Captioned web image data
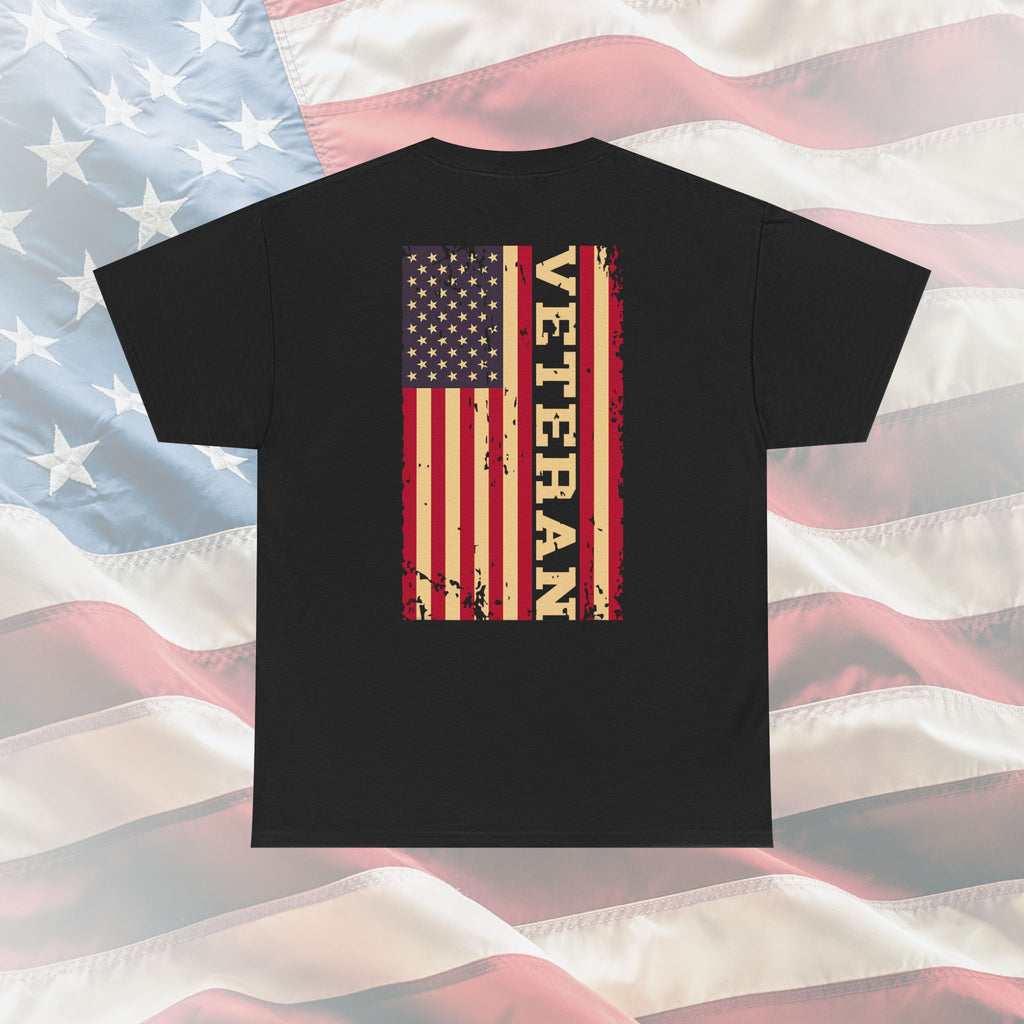 Distressed American Flag Veteran T-Shirt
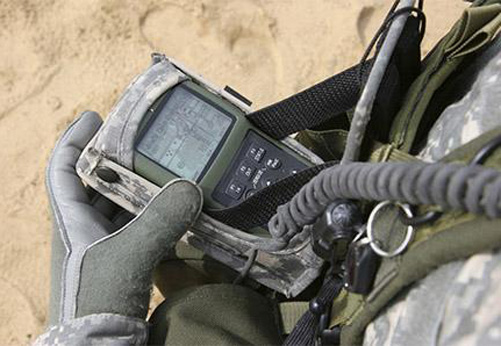
Một thiết bị định vị GPS của quân đội Mỹ.
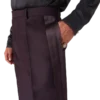 Blend Tailored Side Stripe Wool Silk Trousers Blend Tailored Side Stripe Wool Silk Trousers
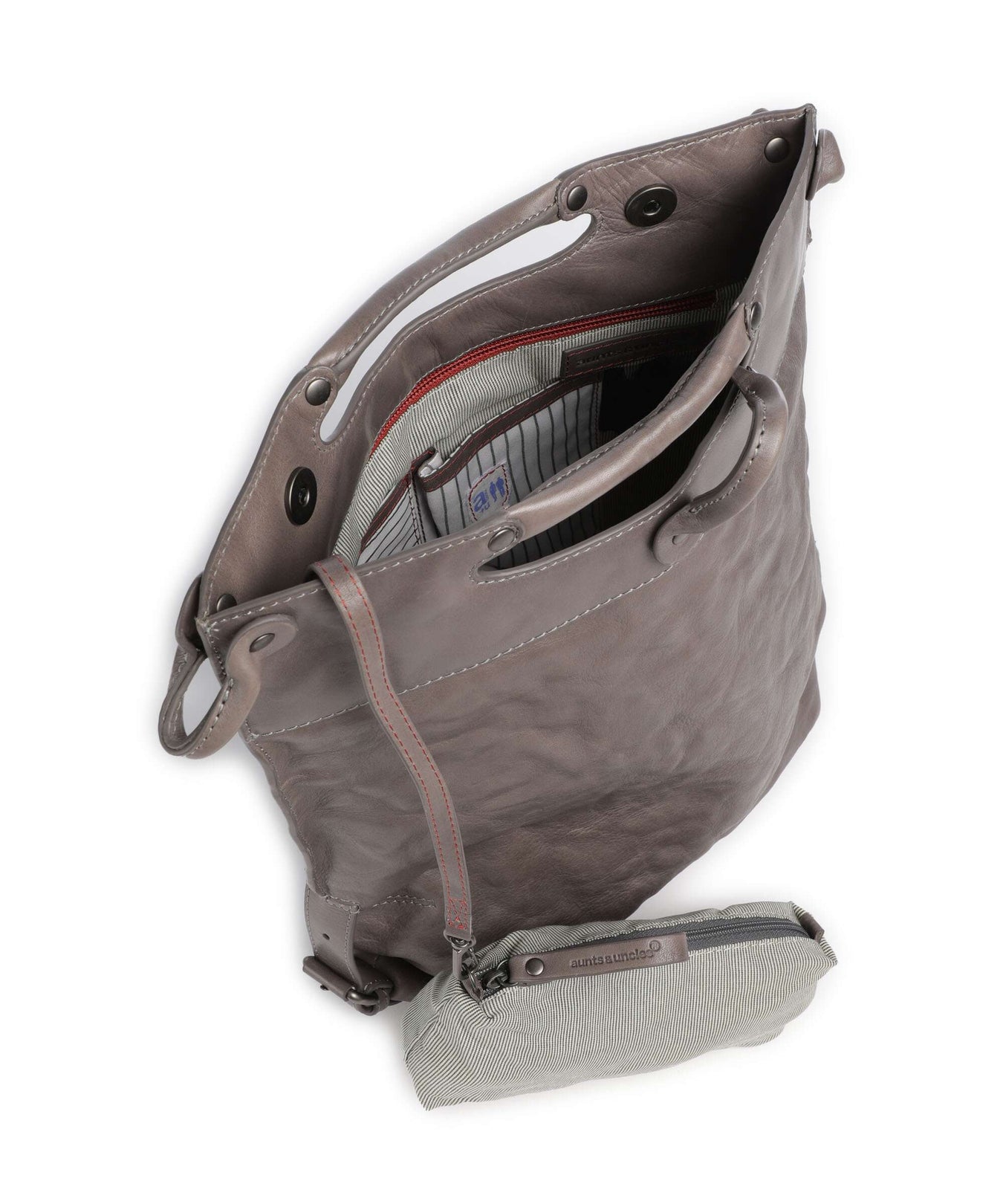 Aunts & Uncles Grandma's Luxury Club Mrs. Pancake Shoulder bag oyster grey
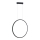 LED-riippuvalaisin vaijerilla SATURNO LED/28W/230V halkaisija 50 cm IP44 musta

• _Exercise instructions_: Set down every line of the entries above again, exactly as written, but not the pictures.

• _Task solution_:
 Distressed American Flag Veteran T-Shirt
Một thiết bị định vị GPS của quân đội Mỹ.
 Blend Tailored Side Stripe Wool Silk Trousers Blend Tailored Side Stripe Wool Silk Trousers
 Aunts & Uncles Grandma's Luxury Club Mrs. Pancake Shoulder bag oyster grey
 LED-riippuvalaisin vaijerilla SATURNO LED/28W/230V halkaisija 50 cm IP44 musta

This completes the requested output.